Department of Informatics, Systems and Communication, University of Milano - Bicocca. Viale Sarca 336, Milano 20126, Italy.
Department of Statistics and School of Life Sciences, University of Warwick, Coventry CV4 7AL, United Kingdom.
Bioinformatics. 2024 May 2;40(5). doi: 10.1093/bioinformatics/btae292.

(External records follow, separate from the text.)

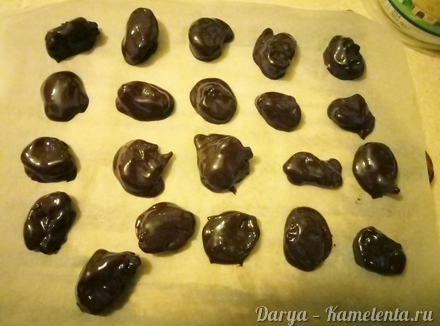 Приготовление рецепта Чернослив в шоколадной глазури шаг 4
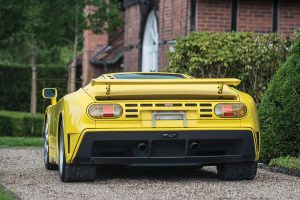 Σπάνια Bugatti EB110 SS του 1995 με μόνο 10.100 χιλιόμετρα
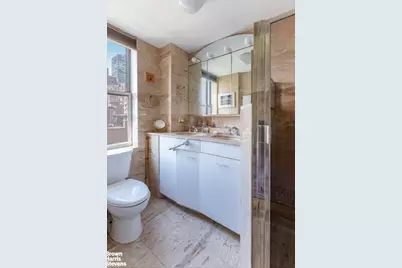 439 E 51st Street #7B, New York City, NY 10022 - Photo 16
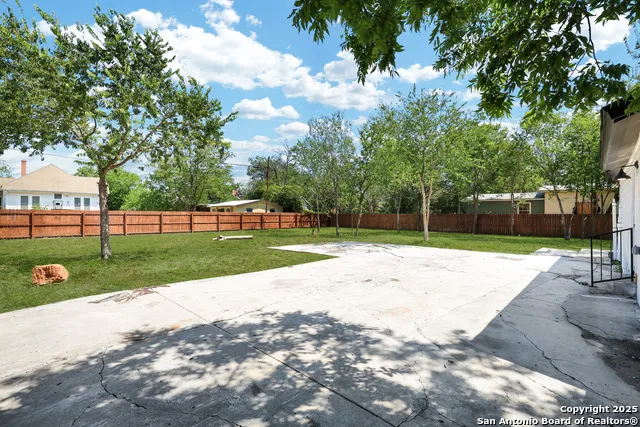 2425 Monterey St San Antonio, TX 78207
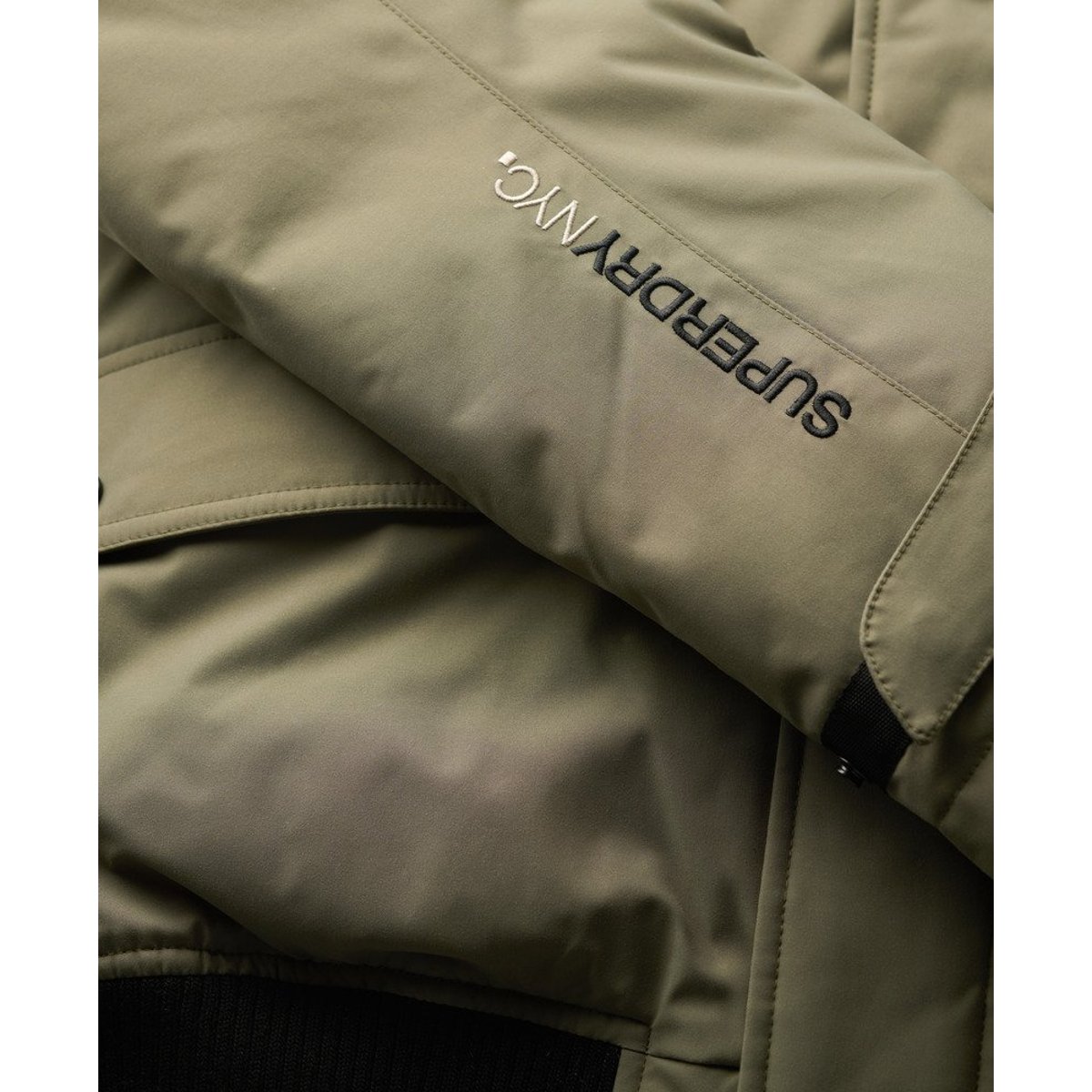 Bomber rembourré City vert olive poudré, SUPERDRY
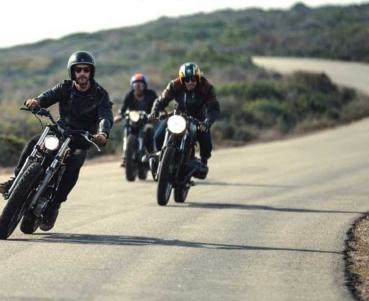Motorradhosen nach deine Lieblingsjeans oder jede andere Hose gestaltbar. Kevlar®-Gewebe mit besonderem Abriebschutz und ein atmungsaktives CoolMesh®-Gewebe in deine Lieblingshose. Auf Wunsch auch mit Protektorentaschen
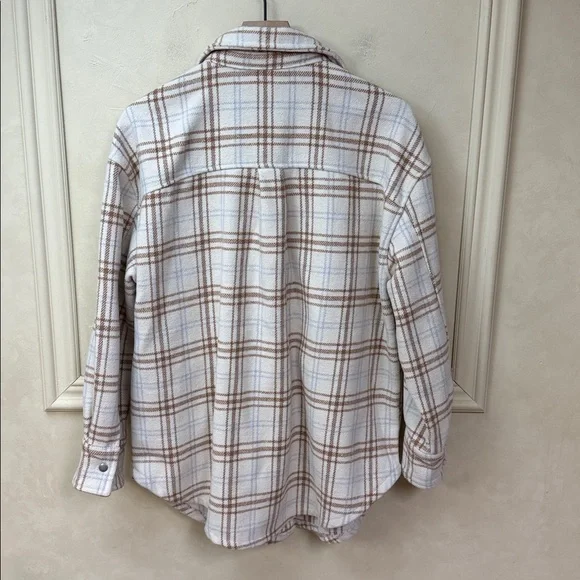 Fornia Snap Front Plaid Shacket Jacket size Medium - Picture 3 of 3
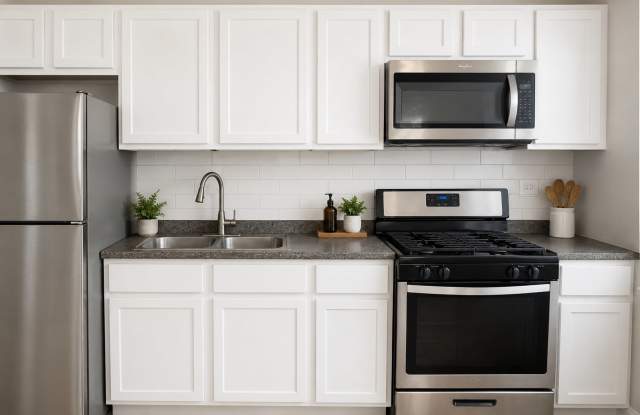 Beautifully Updated 2-Bedroom Condo with Natural Light photos photos Beautifully Updated 2-Bedroom Condo with Natural Light photos photos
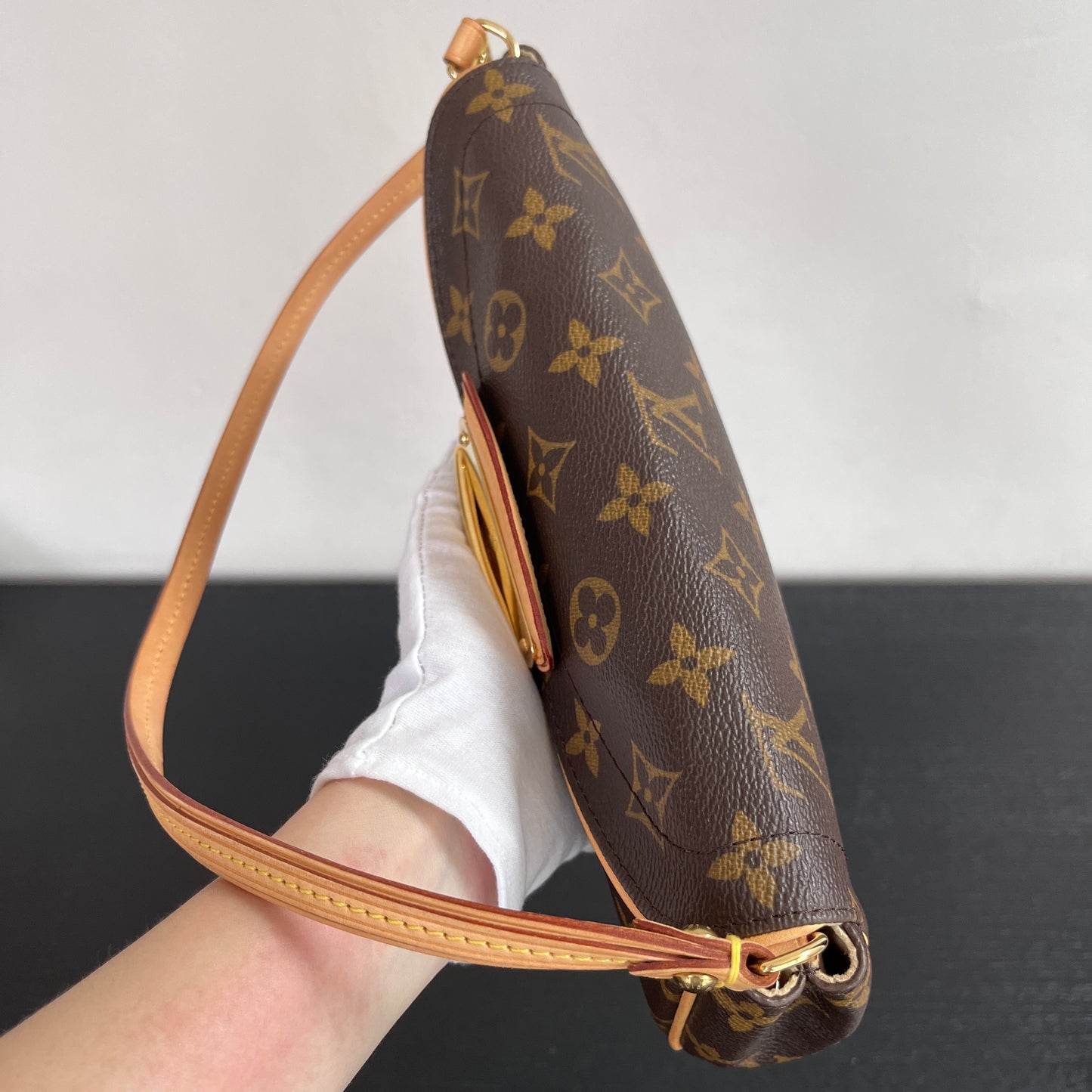 Louis Vuitton Beverly PM Shoulder Bag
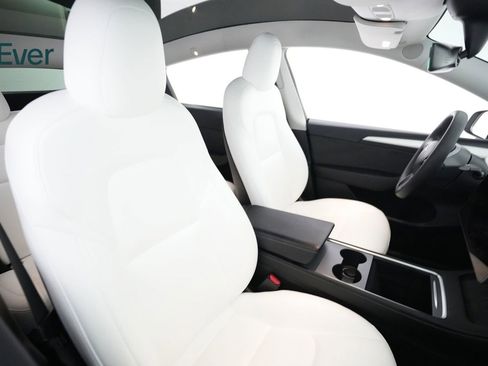 Used 2023 Tesla Model Y Long Range AWD/4WD image 23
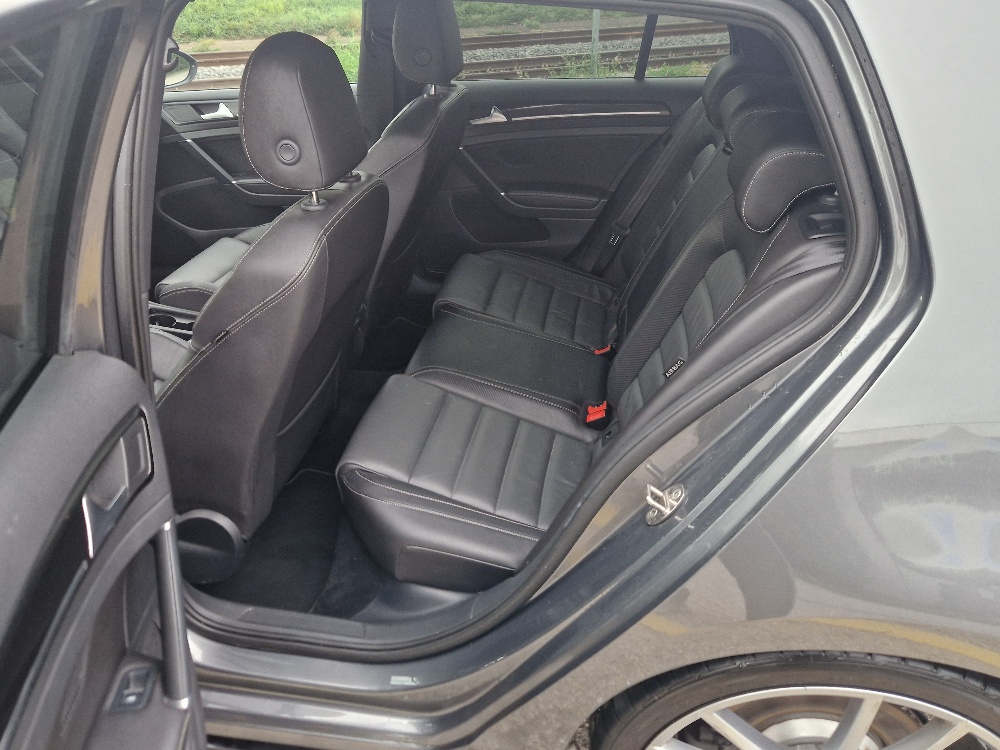VW Golf " R " 300 CV-image-10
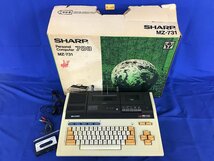 ★１４―０６４★パーソナルコンピューター　SHARP/シャープ MZ-731 通電確認済 パソコン 昭和レトロ コネクタ ビンテージ[140]_画像1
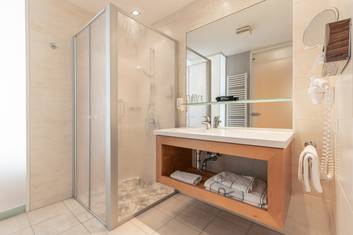 „Standard” kategóriájú fürdőszoba a REDUCE  Vital szállodában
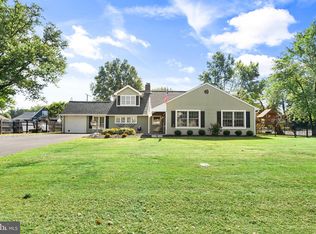 88 Forsythia Dr N, Levittown, PA 19056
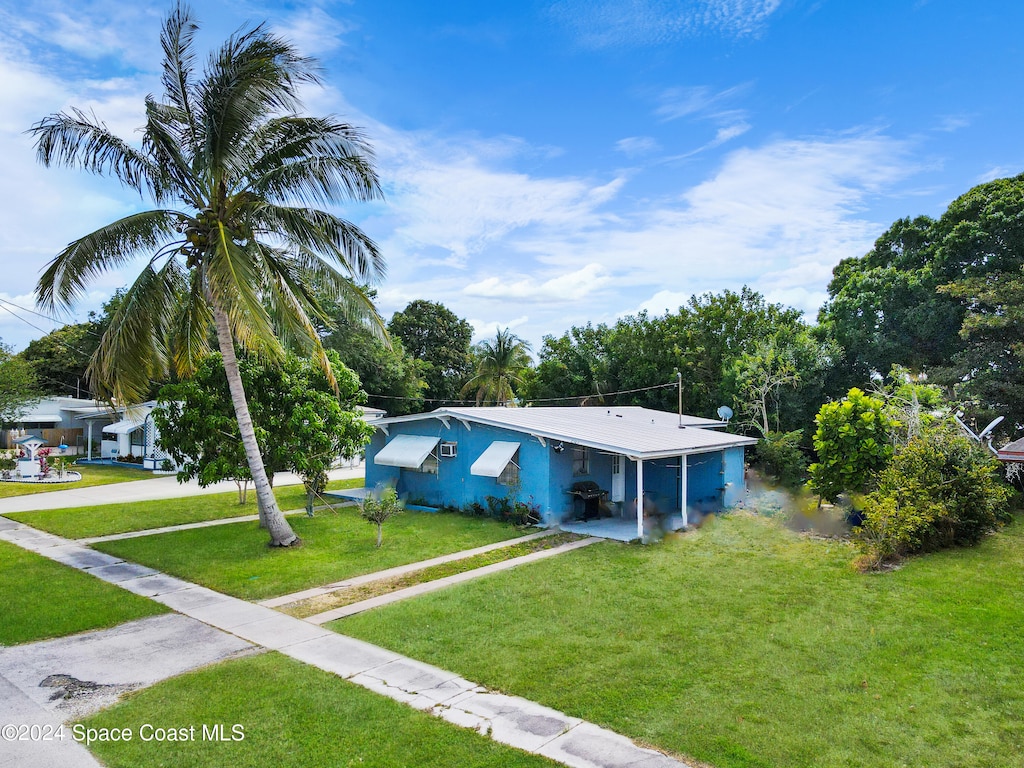 view of front of property with a front yard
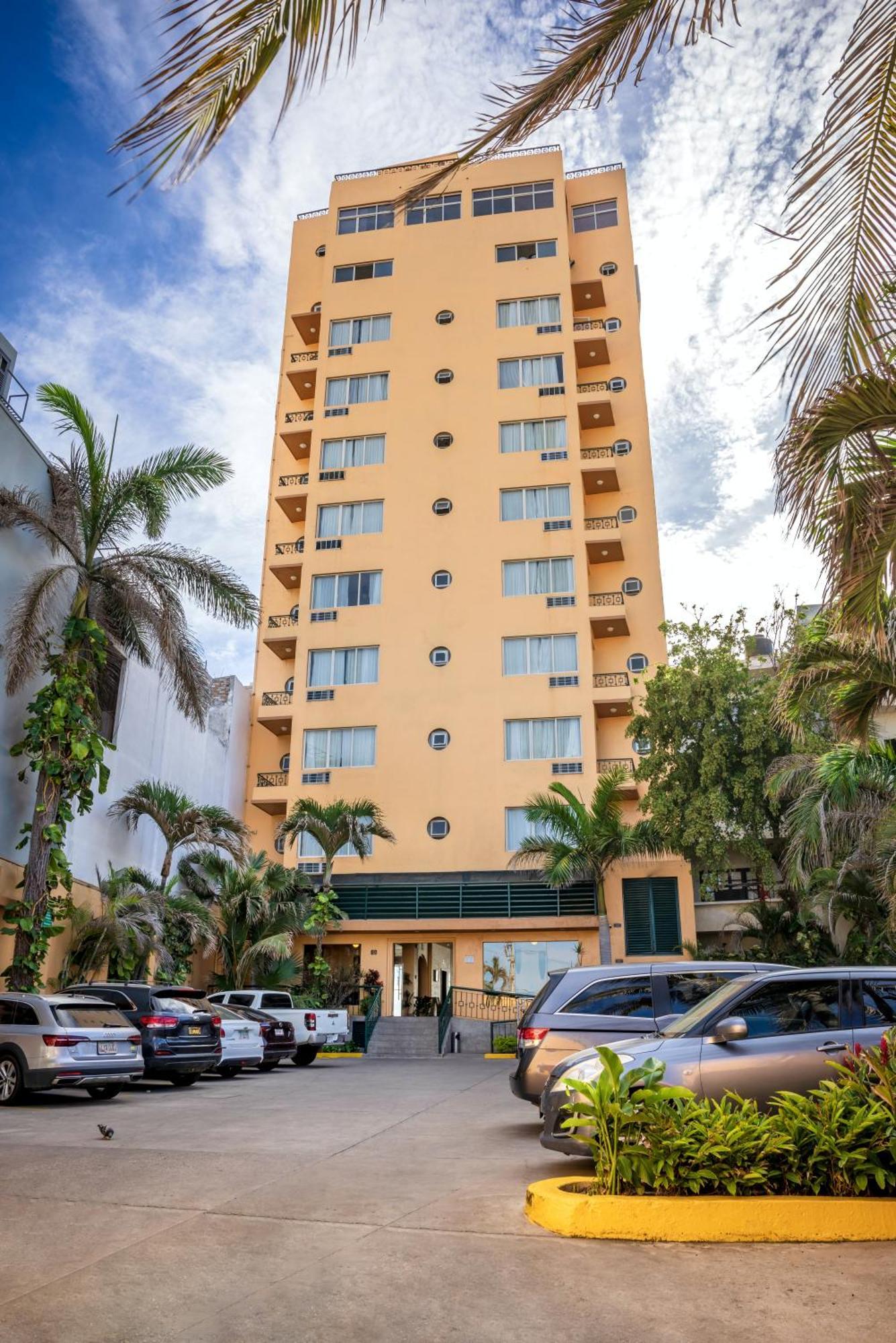 Best Western Posada Freeman Масатлан Екстериор снимка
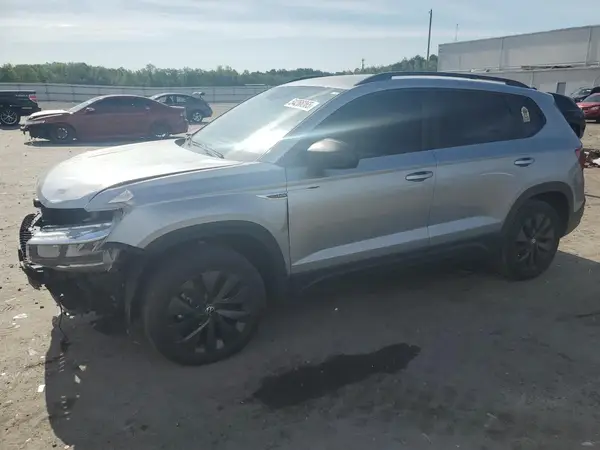 3VV5X7B24RM119349 2024 VOLKSWAGEN TAOS - Image 1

Bacterial genomes present more variability than human genomes, which requires important adjustments in computational tools that are developed for human data. In particular, bacteria exhibit a mosaic structure due to homologous recombinations, but this fact is not sufficiently captured by standard read mappers that align against linear reference genomes. The recent introduction of pangenomics provides some insights in that context, as a pangenome graph can represent the variability within a species. However, the concept of sequence-to-graph alignment that captures the presence of recombinations has not been previously investigated.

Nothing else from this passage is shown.